In the records below, find the line with "Logo conforme legislation", then copy each line exactly until you have copied the line with "栗林 良吏 配球ヒートマップ(2024年5月)". Leave any picture out.

** DATA FOR THE TASK follows **

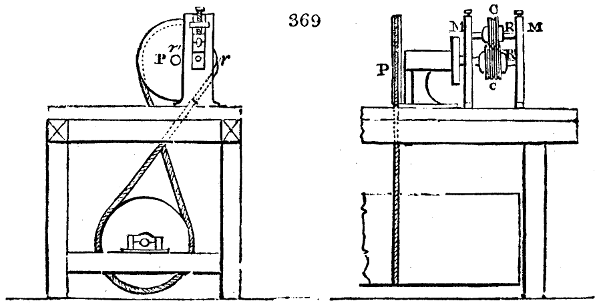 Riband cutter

** End of DATA FOR THE TASK **
** DATA FOR THE TASK follows **

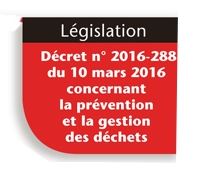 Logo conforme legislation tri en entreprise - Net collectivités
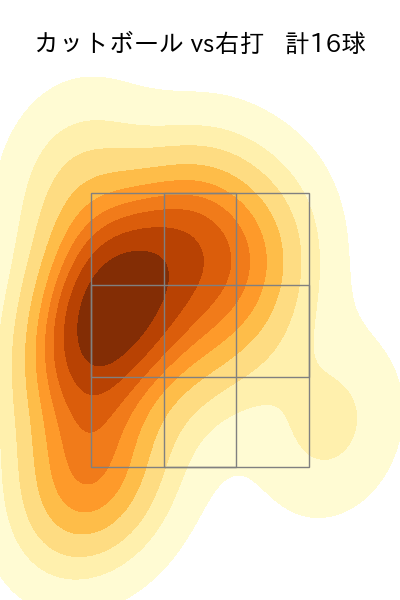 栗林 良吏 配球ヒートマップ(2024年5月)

** End of DATA FOR THE TASK **
** DATA FOR THE TASK follows **

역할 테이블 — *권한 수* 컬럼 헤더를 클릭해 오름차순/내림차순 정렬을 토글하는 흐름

** End of DATA FOR THE TASK **

- _RESPONSE BOX_
 Logo conforme legislation tri en entreprise - Net collectivités
 栗林 良吏 配球ヒートマップ(2024年5月)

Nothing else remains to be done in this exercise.